Categories
Development Reviews

Mac Mini M1

disclaimer: I started writing this in Nov 2021 but I totally forgot about it until now, but it’s such a waste to throw it away so I’m still publishing it and adding my experiences with it so far.

I bought a Mac Mini M1 on 26 October 2021; with this new addition, I’ve been fully assimilated into the Apple Ecosystem.

  • iPhone 11
  • Apple Watch SE
  • iPad Pro 2018
  • Air Pods Pro
  • Macbook Pro 2020 (work)

I’ve achieved the level of integration where one phone call causes all my devices to ring and sing for my attention. If anyone knew me before, they would’ve known that I’m really not that much of an Apple fan. Each Apple devices that I own are the first Apple I’ve bought in their category. At this point you might be asking why did I go for an Apple desktop, and at this point, “why not?

Okay I do have legit reasons for buying it other than this whimsical “why not” argument.
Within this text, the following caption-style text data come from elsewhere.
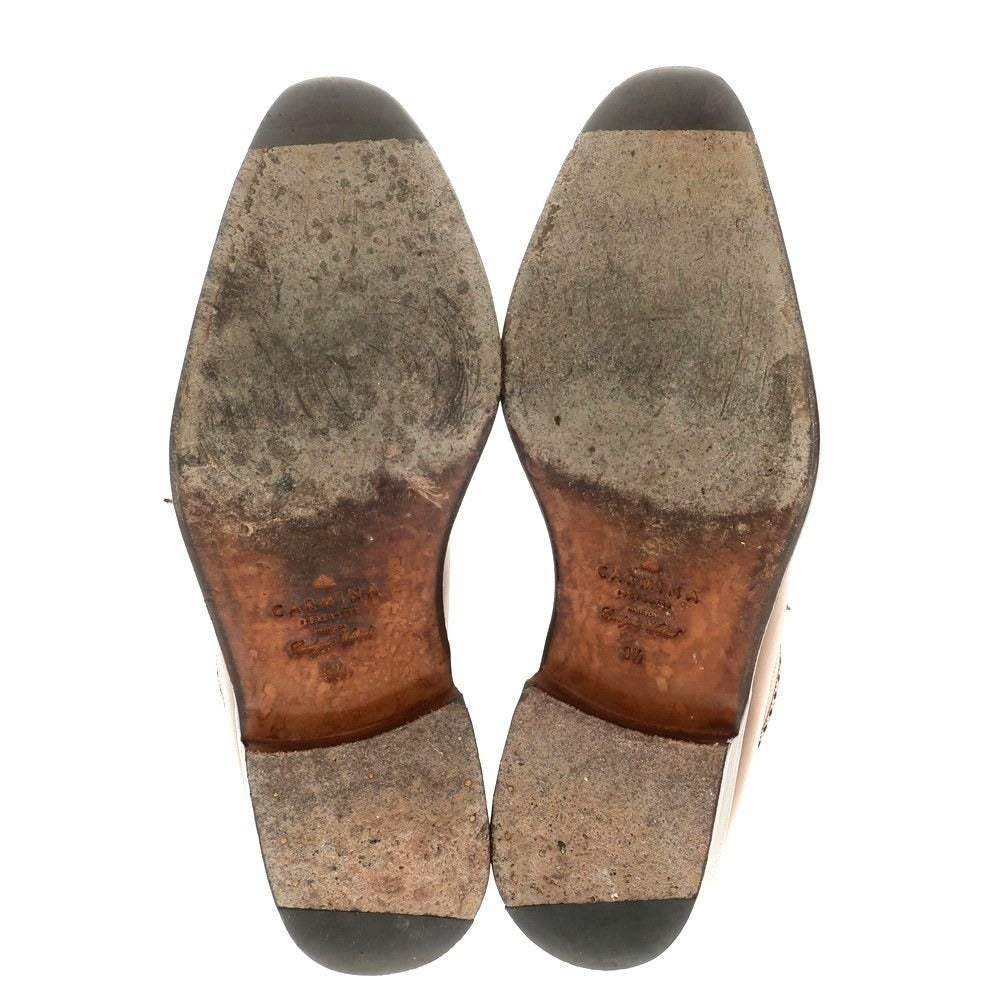 【中古】カルミナ CARMINA セミブローグ ドレスシューズ ブラウン【 9 1/2 】【 状態ランクC 】【 メンズ 】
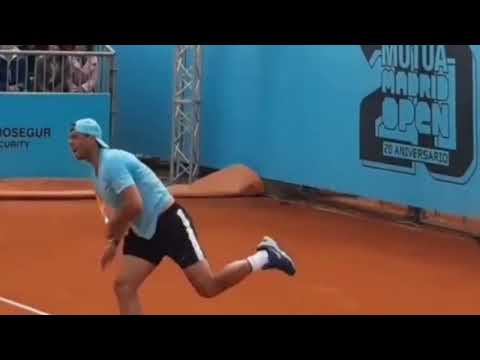 Rafael Nadal VERY HARD Hitting on CLAY  #shorts #tennis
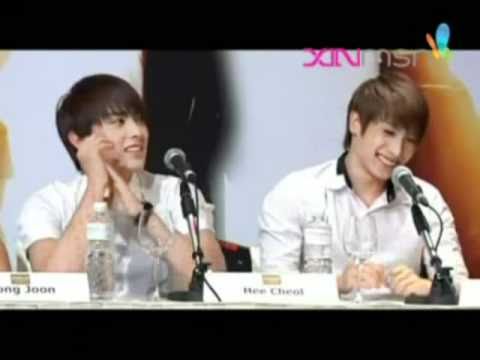100911 ZE:A Heechul wants to be which SNSD member? (Press Conference)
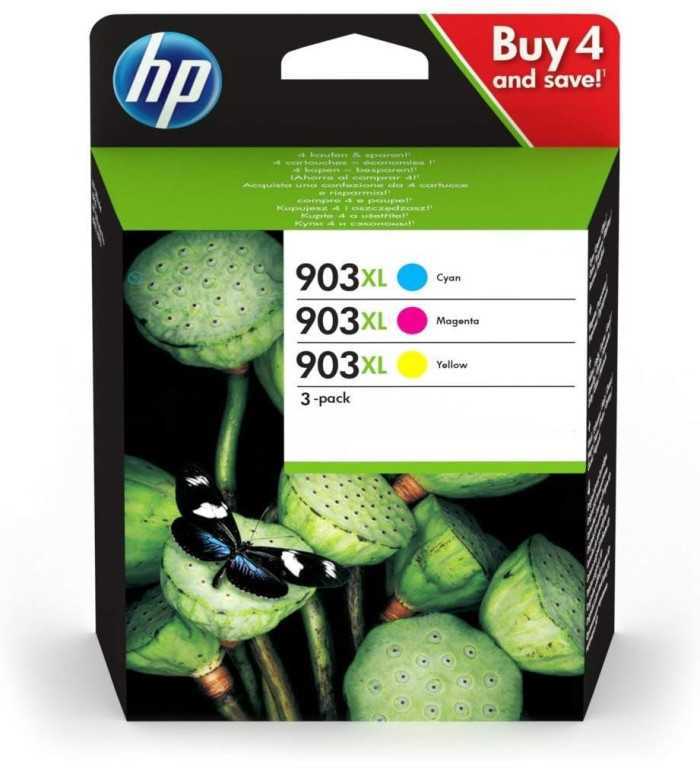 HP 903XL Couleur Pack de 3 Cartouches d'encre d'origine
  • I want to edit videos, and I really like Final Cut Pro
  • I want to do more development and I’m more comfortable coding on MacOS
    • or any *nix environment but.. I’m sure you can agree that macos is way more polished than any linux distribution
  • I don’t really game much on my windows desktop these days
  • my table is small, a small computer makes sense
  • the M1 chip is really efficient and I like to save electricity if possible

Predicting the questions a reader might have

Why didn’t I wait for the M2 chip?
I waited almost a year hoping the the Mac Mini will get refreshed but it didn’t. Rumours is that it’ll come out mid of 2022 and, there’s no point waiting so long for performance between M1 and M1 Pro.
(edit: it’s Feb 2023 and Apple finally announced M2 option for the Mac Mini, I’m extremely glad I didn’t bother waiting for it.)

Why didn’t I get the new M1 Pro/Max Macbooks?
Have you seen the price on those puppies?! Sorry, starting from $2,999 is too much for a home computer that I don’t plan to do any intense work on it.
(edit: if I have to make the choice again now, I will strongly consider the M2 Macbook Air.)

3 weeks experience

The first thing that stood out to me is how quiet the Mac Mini is, it’s honestly quite hard to tell if it’s on without going 20cm next to it and hear the quiet whoosh of the fans spinning.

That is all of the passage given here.